Opinion: New Zealand’s Response to Horrific Terror Attack
By Eli Morton, Columnist
The New Zealand political scene following last Friday’s horrific terror attack was naturally one of unity. Politicians from Prime Minister Jacinda Ardern to the leaders of other parties in her coalition offered not only their sympathies, but a concrete plan of action to prevent such a tragedy from occurring again – something that the United States has failed to accomplish time after time.
Indeed, increased gun control will soon become a reality in New Zealand, which begs the question of what we in America can learn from the swift response, especially given that New Zealand’s gun lobby is relatively influential when compared with those of other industrialized nations. Not only is the gun lobby influential, but there are quite a lot of guns: one for every three people, and gun hobbyists comprise a good share of gun owners.

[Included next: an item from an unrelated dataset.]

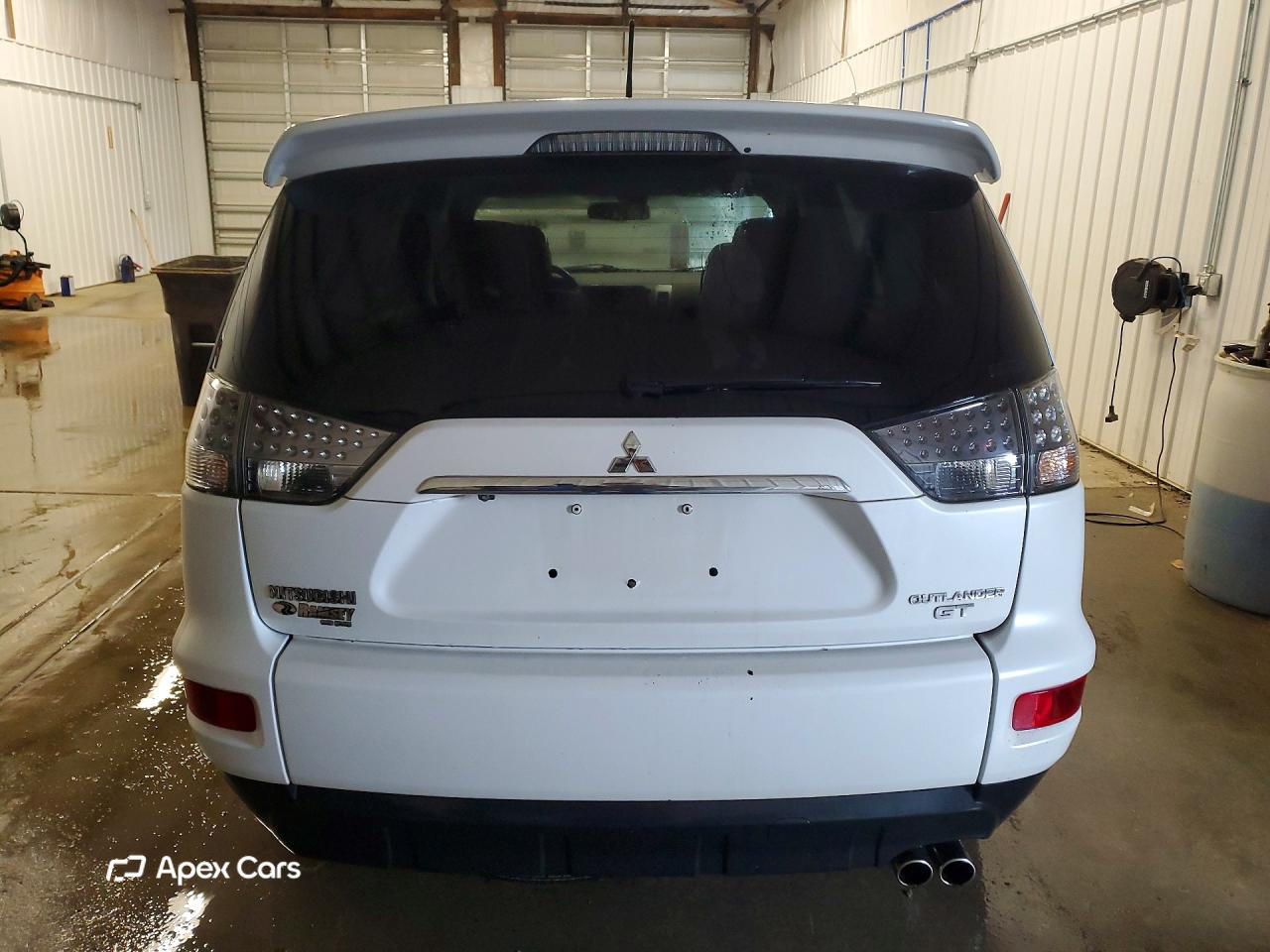 Mitsubishi Outlander 2012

The reason New Zealand is able to enact such reforms so quickly is actually quite simple and presents a valuable lesson in legislating reforms designed to curb mass shootings here in the United States. The answer is that there is no NRA. This requires some qualification. Here in the US, the NRA derives its power from a small but extremely politically active base of members and supporters. The NRA is able to activate its supporters by using the same tired line that the left will attempt to take away their guns, ergo violating the second amendment, which leads to political pressure on Republicans fearing a primary challenge in particular.
New Zealand’s lack of such a politically mobilized and entrenched gun-rights advocacy group leads to its ability to pass meaningful gun reform. Because the gun lobby does not have a mobilized voter and donor base and is not publicly controlling the discourse surrounding gun reform, its agenda sometimes takes a back seat to overwhelming public interests.
However, New Zealand’s current situation is not the only test case in the passage of gun reform. The existence of the NRA in its current form was not always a given here in the United States, either. Prior to 1977, the NRA took a backseat role in the pursuit of the gun-rights agenda, and arguably did not engage much in political debates over guns. This led the US to have more effective debates over gun rights and not simply sit deadlocked as it does today.
The moral of this story is that there is one organization sitting in the way of enacting reforms that huge majorities of Americans support, and while there are few simple solutions to this problem, knowing this can be a valuable asset in debates over the merits of gun control.